Experts believe that Delta Bank siphoned the funds from Belarus to an offshore company through a back-to-back loan scheme, in which the funds in European accounts were used as collateral for loans to this firm. As a result of intentional failure to repay the loans by the firm, the funds were debited by the European banks.

“It looks like Delta Bank transferred its funds to correspondent accounts in several EU banks, after which this cash became collateral in deals with third parties that were most likely connected to Lagun,” Alexander Mukha, a Minsk-based independent financial analyst, tells bne IntelliNews.

Transit hub

“This situation is atypical for Belarus,” a high-ranking financial official in Minsk tells bne IntelliNews on condition of remaining anonymous. “Delta Bank transferred its funds to the EU and didn’t reflect their collateralisation in its balance sheets. The bank provided false financial reports to the central bank.”

The Belarusian law enforcement authorities have announced that funds from Delta Bank were siphoned to the account of a Belize-registered firm, without revealing its name. However, according to information obtained by bne IntelliNews from the central bank of Ukraine, Lagun had business links with Belize: the businessman controlled a Belize-registered company named Rupsel Developments Ltd, which controlled Astra Bank via a Cyprus-based firm.

“I believe that the company mentioned by the Belarusian law enforcement agencies is most likely either controlled by Lagun, or was acting in his interests,” Mukha says.
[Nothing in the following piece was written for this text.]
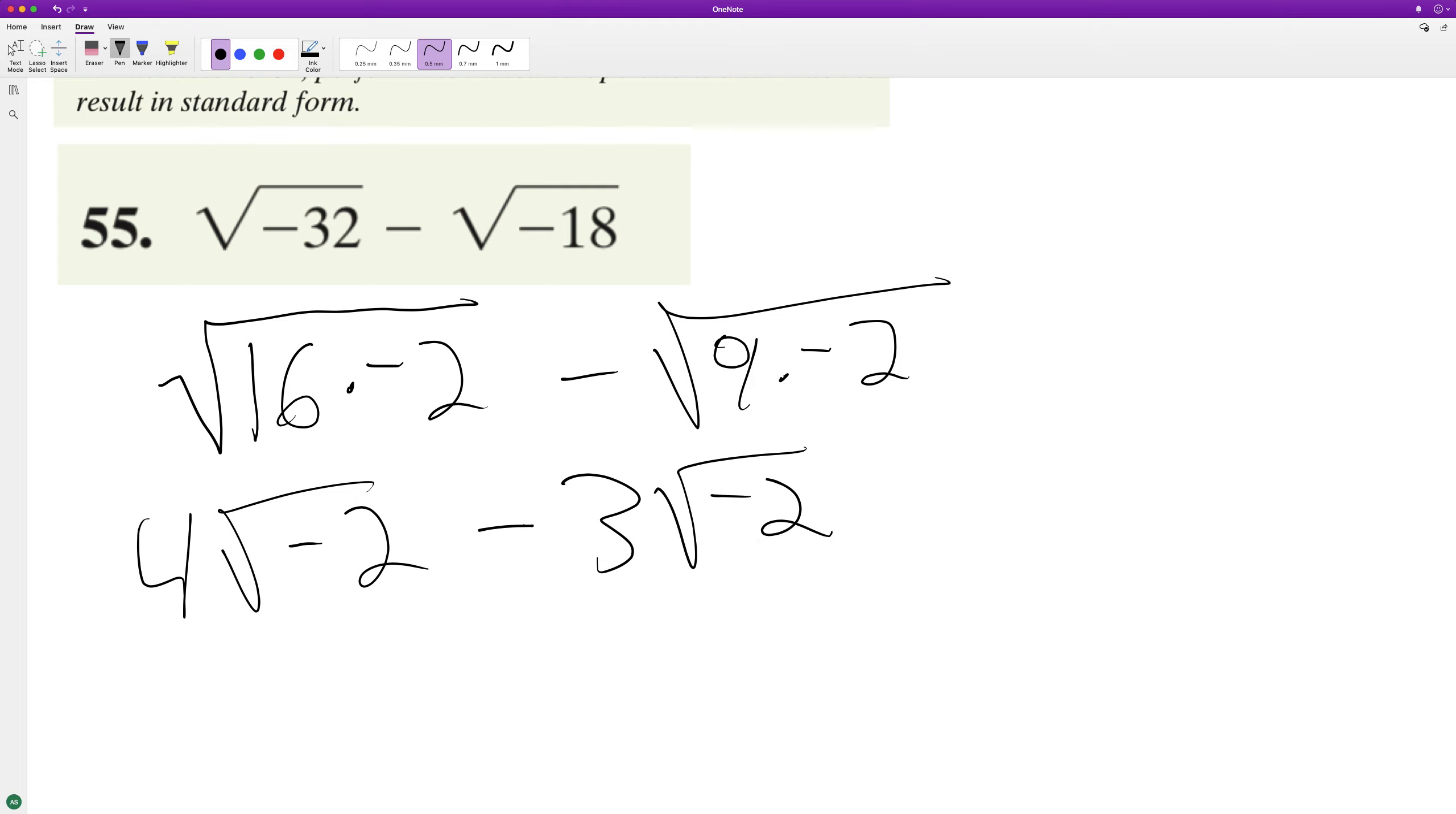So because they have the same, basically their factors, the square root of negative 2, we can make this just 4 minus 3 is 1, so we end up with just 1 times the square root of negative 2.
Delta Bank in Ukraine acted according to a similar pattern, according to media reports in the country. Ukraine’s Zerkalo Nedeli web portal claimed in March, citing data from the central bank, that the lender siphoned up to $480mn to accounts in European banks, including the two aforementioned lenders alongside Luxembourg’s East-West United Bank and Austria’s Meinl Bank.

As in the case of Belarus, the funds in these accounts had either already been debited to the EU banks, or such transfers were planned in order “to secure contractual encumbrances” with third parties.

Ukraine’s central bank did not answer questions posed by bne IntelliNews before this article went to press. However, it appears that the regulator is concerned about the siphoning of funds via European lenders. According to the Ukrainian publication of Forbes, in summer 2014 the regulator sent a written request to dozens of the country’s banks requesting whether they have correspondent accounts in Meinl Bank with collateralised cash.

Oleksandr Savchenko, a former deputy governor of Ukraine's central bank, tells bne IntelliNews that fictitious import operations for siphoning funds are another popular trick among Ukrainian banks. “Usually, small-sized banks use this pattern. Large-scale banks use more sophisticated schemes,” he says.

The anonymous financial official in Minsk underlines that the Belarusian authorities recognise that some banks could use European banks as “transit hub” for siphoning money. “And we closely monitor this issue,” he adds.